Study Designs: Case-control/Retrospective Studies (Page 10 of 15)

  1. Antecedent-consequent relationships usually not known - which came first the risk factor or the disease.

  2. Cannot calculate the relative risk.

  3. Cannot calculate attributable risk.
The following examples of case control studies can be viewed in full text through OVID.

McElroy JA, Shafer MM, Trentham-Dietz A, Hampton JM, Newcomb PA (2006). Cadmium exposure and breast cancer risk. J Natl Cancer Inst. 98(12), 869-73.

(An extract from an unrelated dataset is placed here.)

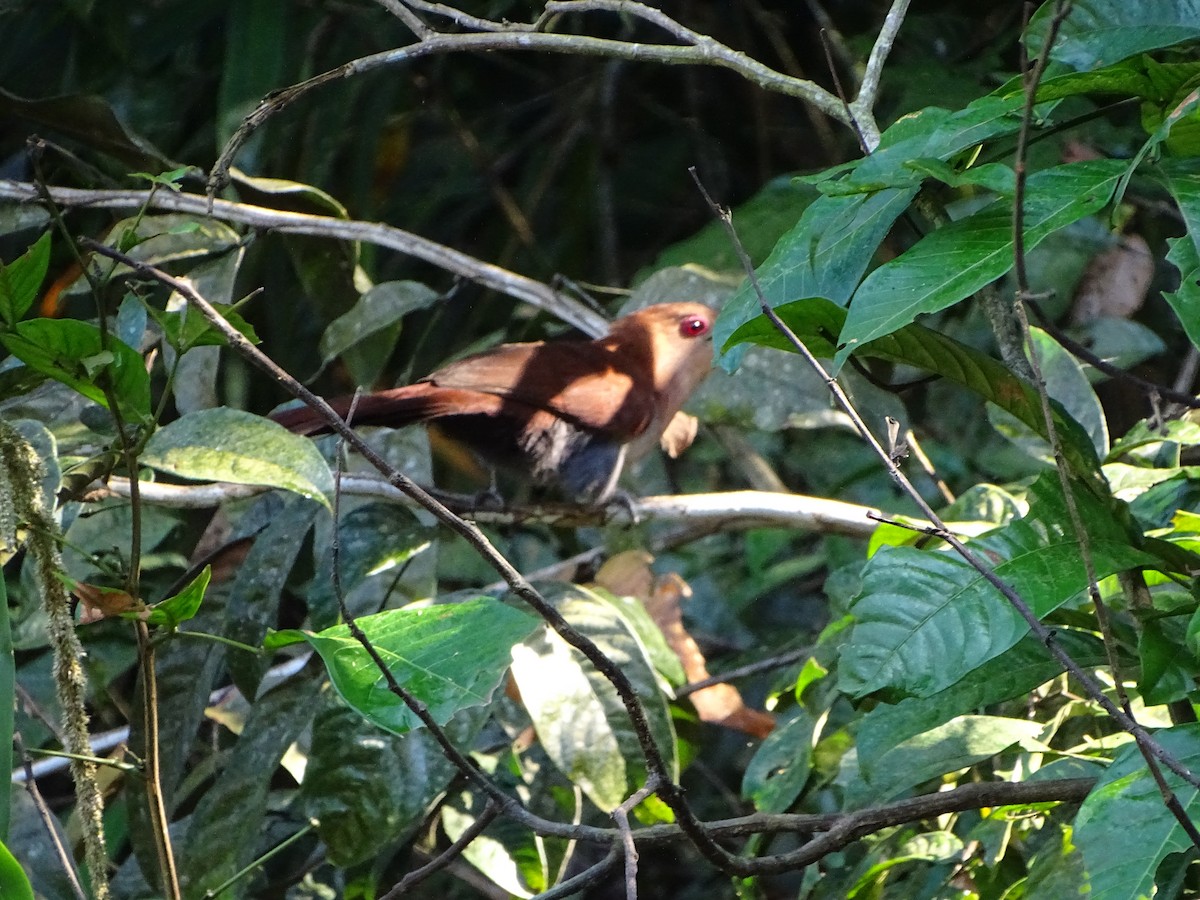 Little Cuckoo - ML640001549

Cadmium, a highly persistent heavy metal, has been categorized as a probable human carcinogen by the U.S. Environmental Protection Agency. Primary exposure sources include food and tobacco smoke. We carried out a population-based case-control study of 246 women, aged 20-69 years, with breast cancer and 254 age-matched control subjects. We measured cadmium levels in urine samples by inductively coupled plasma mass spectrometry and conducted interviews by telephone to obtain information on known breast cancer risk factors. Odds ratios (ORs) and 95% confidence intervals (CIs) for breast cancer by creatinine-adjusted cadmium levels were calculated by multivariable analysis. Statistical tests were two-sided. Women in the highest quartile of creatinine-adjusted cadmium level (> or = 0.58 microg/g) had twice the breast cancer risk of those in the lowest quartile (<0.26 microg/g; OR = 2.29, 95% CI = 1.3 to 4.2) after adjustment for established risk factors, and there was a statistically significant increase in risk with increasing cadmium level (P(trend) = .01). Based on this study, the absolute risk difference is 45 (95% CI = 0 to 77) per 100,000 given an overall breast cancer rate of 124 per 100,000. Whether increased cadmium is a causal factor for breast cancer or reflects the effects of treatment or disease remains to be determined.

Rachel J. Witsaman, BA, R. Dawn Comstock, PhD, Gary A. Smith, MD, DrPH (2006) Pediatric Fireworks-Related Injuries in the United States: 1990-2003. PEDIATRICS, 118, 296-303.

Our goal was to describe the epidemiology of pediatric fireworks-related injuries among children aged 19 years and younger by using a nationally representative sample. We performed a retrospective analysis of data from the US Consumer Product Safety Commission's National Electronic Injury Surveillance System from 1990-2003. We found that an estimated 85 800 pediatric fireworks-related injuries were treated in US emergency departments during the 14-year study period. Injured children had a mean age of 10.8 years, and 77.9% were male. Fireworks users accounted for 49.5% of the injuries, whereas 22.2% of the injuries were to bystanders; however, user status could not be determined in 28.3% of cases. The overall fireworks related injury rate decreased significantly during the study period, but subgroup analysis did not indicate consistent declines among all ages and types of fireworks. Injuries were most commonly caused by firecrackers (29.6%), sparklers/novelty devices (20.5%), and aerial devices (17.6%). The most commonly injured body sites were the eyeball (20.8%), face (20.0%), and hands (19.8%), and the most common injury type was burns (60.3%). Approximately 91.6% of all children with fireworks-related injuries were treated and released from hospital emergency departments, 5.3% were admitted, and 2.3% were transferred to another institution. Bystanders accounted for 13.3% of admitted cases and 20.6% of transferred cases. Thus, consumer fireworks cause serious preventable injuries among pediatric fireworks users and bystanders in the United States. Parents should be advised to take their children to safer public fireworks displays rather than allowing consumer fireworks to be used by or near their children. A national restriction of consumer fireworks, in accordance with the policy recommendations of the American Academy of Pediatrics, should be implemented to reduce the burden of fireworks-related injuries among children.